AIM OF THE TASK. Repeat every entry word for word, skipping the pictures.

EXERCISE DATA.

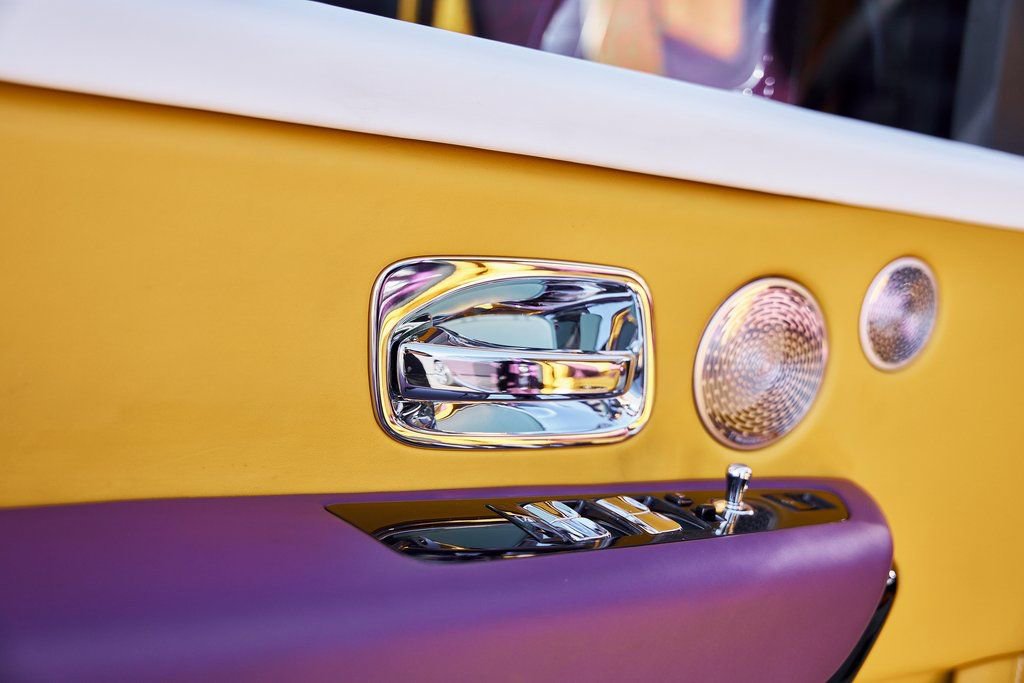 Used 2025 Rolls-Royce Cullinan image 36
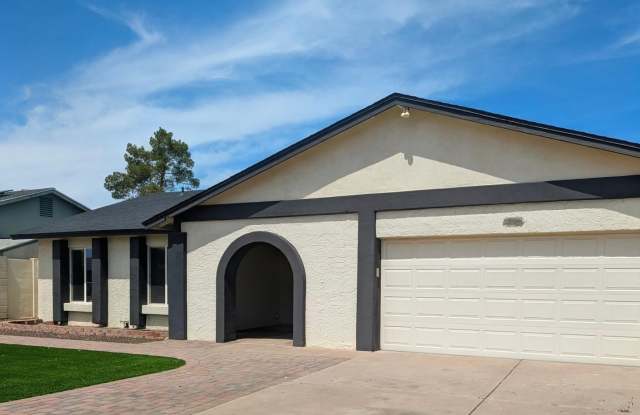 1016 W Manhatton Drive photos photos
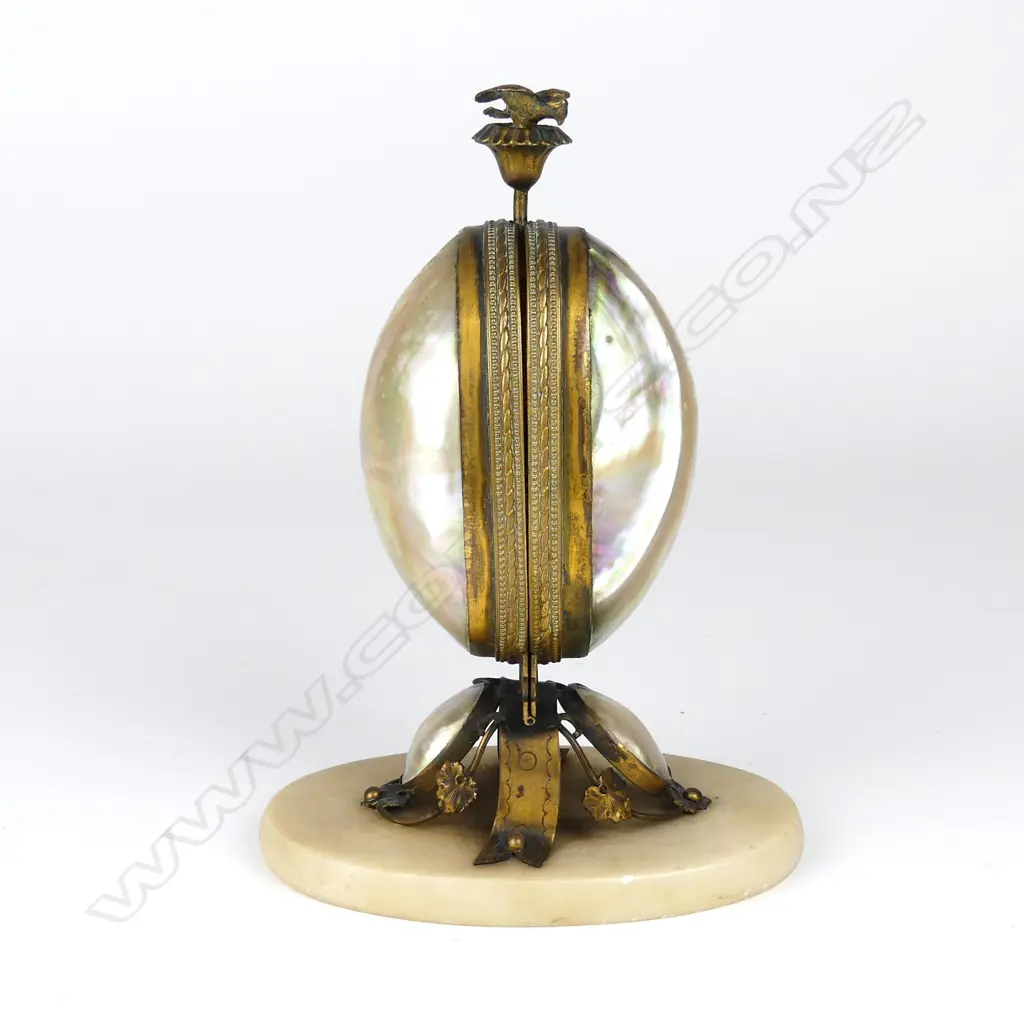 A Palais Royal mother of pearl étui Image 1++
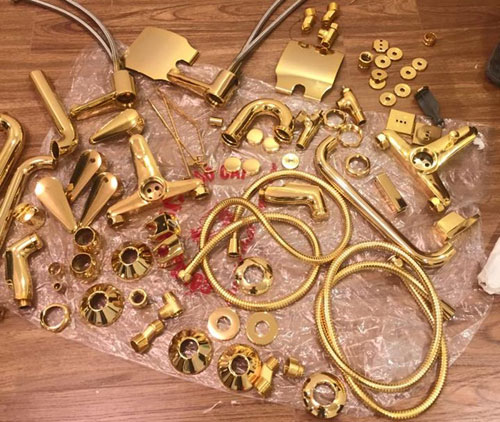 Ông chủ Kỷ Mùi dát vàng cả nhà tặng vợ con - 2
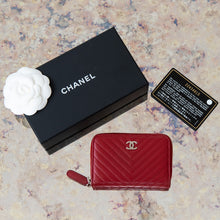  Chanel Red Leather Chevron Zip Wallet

ANSWER TO THE EXERCISE.
 Used 2025 Rolls-Royce Cullinan image 36
 1016 W Manhatton Drive photos photos
 A Palais Royal mother of pearl étui Image 1++
 Ông chủ Kỷ Mùi dát vàng cả nhà tặng vợ con - 2
  Chanel Red Leather Chevron Zip Wallet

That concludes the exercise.